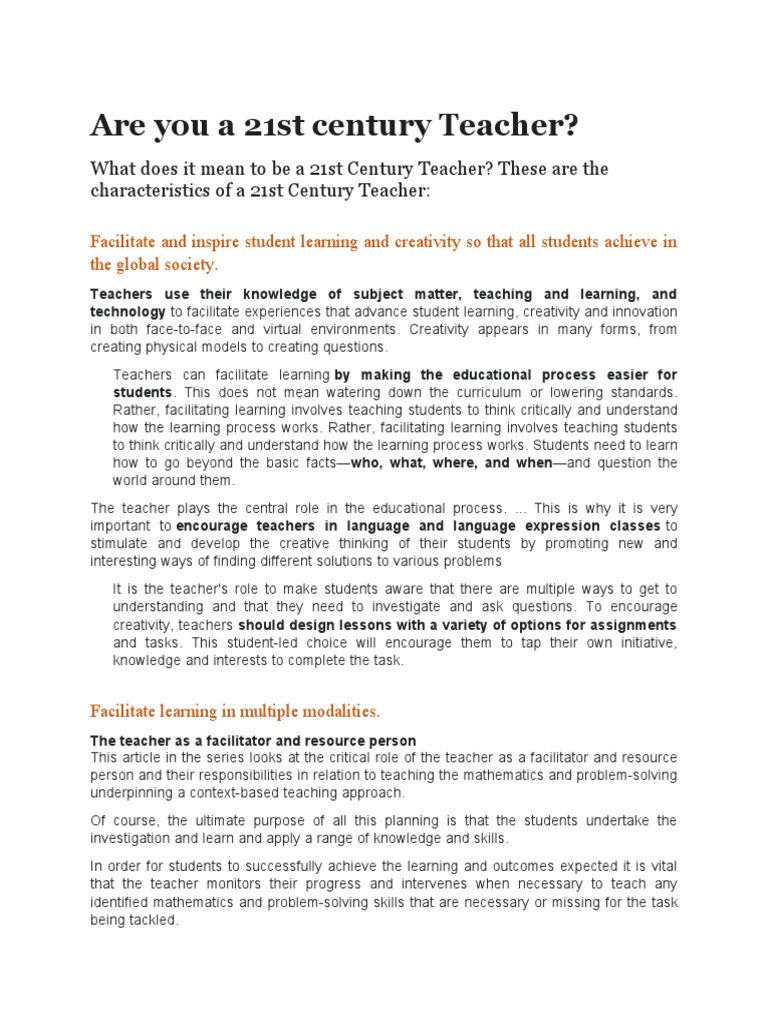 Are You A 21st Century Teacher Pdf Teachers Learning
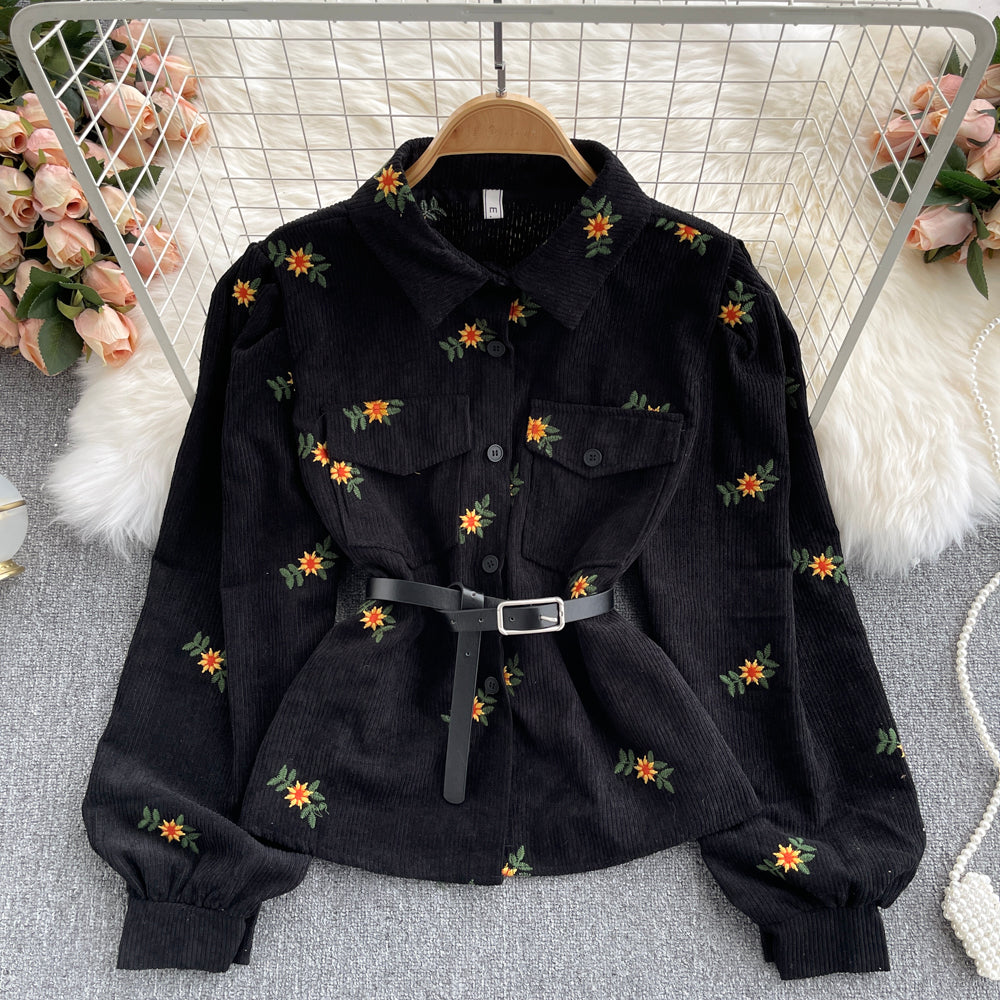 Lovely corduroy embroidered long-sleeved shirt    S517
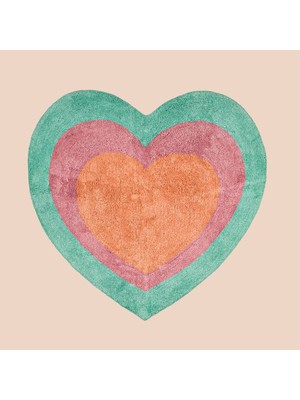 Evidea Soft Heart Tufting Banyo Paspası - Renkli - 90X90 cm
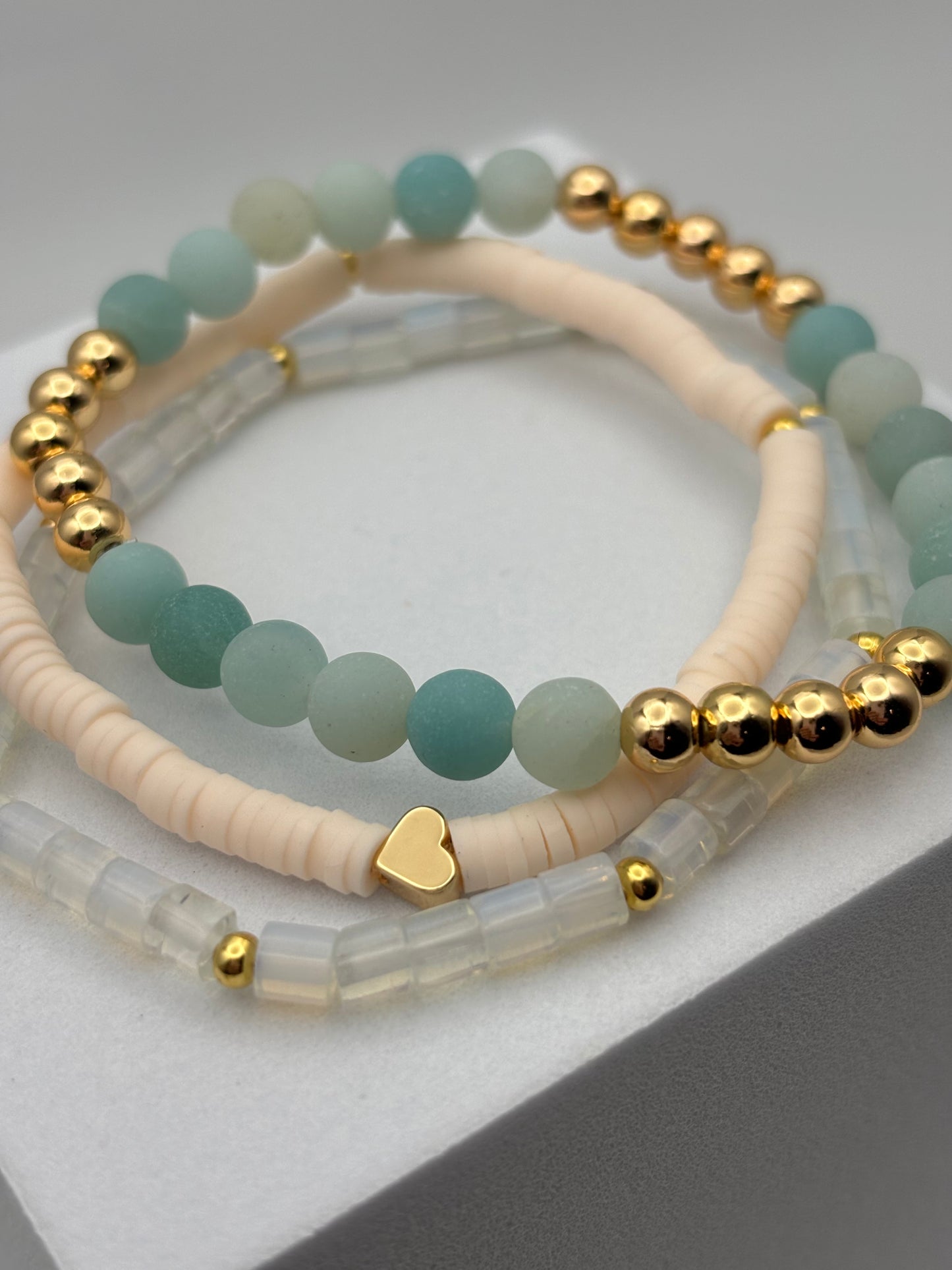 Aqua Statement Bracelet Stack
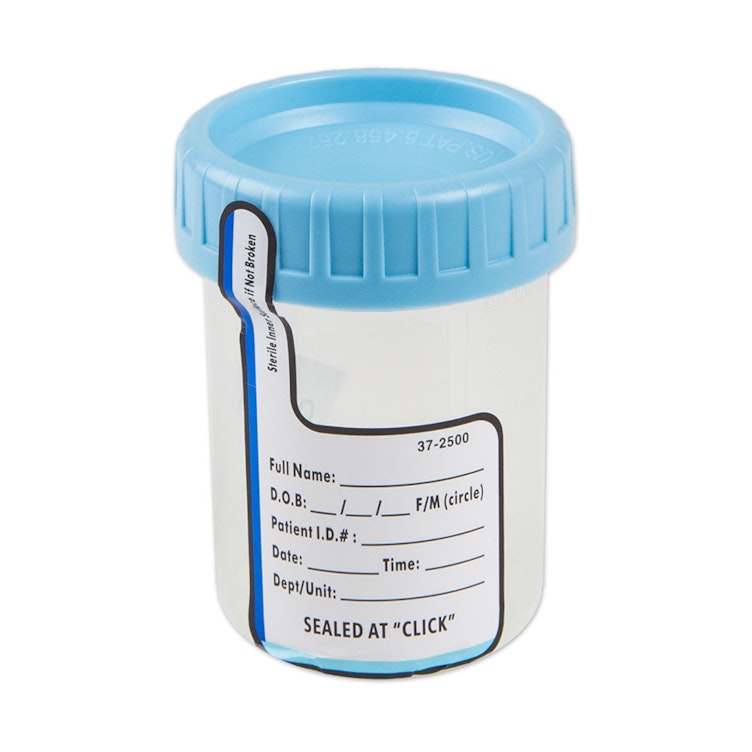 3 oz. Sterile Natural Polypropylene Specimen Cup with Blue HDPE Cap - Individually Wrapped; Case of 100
▬▬▬▬▬▬▬▬▬▬
--- Work order ---
Each record above is to be copied exactly. Drop the pictures.

--- Reply ---
 Are You A 21st Century Teacher Pdf Teachers Learning
 Lovely corduroy embroidered long-sleeved shirt    S517
 Evidea Soft Heart Tufting Banyo Paspası - Renkli - 90X90 cm
 Aqua Statement Bracelet Stack
 3 oz. Sterile Natural Polypropylene Specimen Cup with Blue HDPE Cap - Individually Wrapped; Case of 100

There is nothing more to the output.